Jim Mattis: le ministre qui ne craint pas de s’opposer à Donald Trump

Il était probablement jusqu’ici celui qui avait le plus d’influence sur Donald Trump. Le ministre de la Défense n’est pas du genre à appliquer des décisions qu’il jugerait inappropriées voire carrément dangereuses, et a à plusieurs reprises osé s’opposer à Donald Trump et imposer ses vues, quitte à s’attirer les foudres présidentielles. Tant lui que John Kelly sont dépeints dans Fear comme ayant eu des propos peu amènes envers le président, exaspérés par certaines attitudes, mais tous deux ont démenti avoir utilisé les mots qui leur sont attribués.
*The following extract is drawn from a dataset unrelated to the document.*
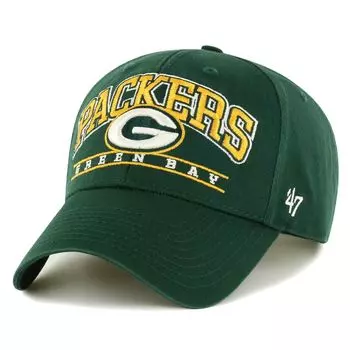Мужская регулируемая кепка '47 Green Green Bay Packers Fletcher MVP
De quoi néanmoins faire douter Trump? Selon le New York Times, il n’aurait désormais plus Mattis à la bonne, l’accusant d’être un «démocrate de cœur» et l’affublant du surnom Moderate Dog au lieu de Mad Dog. Il craint de passer pour sa marionnette. Jim Mattis l’aurait comparé à un enfant de 10 ans.

Mike Pompeo: l’ultra-conservateur sceptique devenu loyal

Ancien directeur de la CIA, ce «faucon» a remplacé Rex Tillerson comme secrétaire d’Etat et donc chef de la diplomatie américaine, après le limogeage de ce dernier en mars 2018. Il s’est très vite imposé, notamment dans le dossier nord-coréen. Proche du Tea Party, l’aile la plus conservatrice des républicains, Mike Pompeo était lors de ses mandats à la Chambre des représentants comme élu du Kansas un de ceux qui critiquaient avec le plus de véhémence l’accord sur le nucléaire iranien négocié par Barack Obama. Il apparaît aujourd’hui comme l’un des ministres les plus loyaux envers Trump. Mais qui dit loyal ne dit pas forcément influent. Et que l’on ne s’y méprenne pas: il n’a pas toujours été pro-Trump. En mars 2016, Mike Pompeo avertissait par exemple que Donald Trump serait un «président autoritaire». Voulait-il dire «ingérable»?

Lindsey Graham: de bête noire à confident

Il est indéniablement le personnage le plus intrigant. Très critique envers Donald Trump pendant la campagne présidentielle, n’hésitant pas à l’affubler des pires noms d’oiseaux – il l’a traité de «fainéant de classe mondiale» et a suggéré «qu’il aille en enfer» –, le sénateur républicain est depuis régulièrement vu à la Maison-Blanche ou sur les terrains de golf avec le président. Passé du statut de bête noire de Trump à celui de confident, Lindsey Graham, connu pour sa liberté de parole, fait-il en fait surtout preuve d’un pragmatisme (ou opportunisme) prononcé, pour imposer son agenda? Le mois dernier, sur CNN, il qualifiait les relations tendues entre Donald Trump et son ministre de la Justice d’«irréparables». Et a suggéré que Jeff Sessions soit remplacé. Difficile à suivre? Le conservateur était aussi un des meilleurs amis du sénateur John McCain, qui a refusé que le président vienne à son enterrement.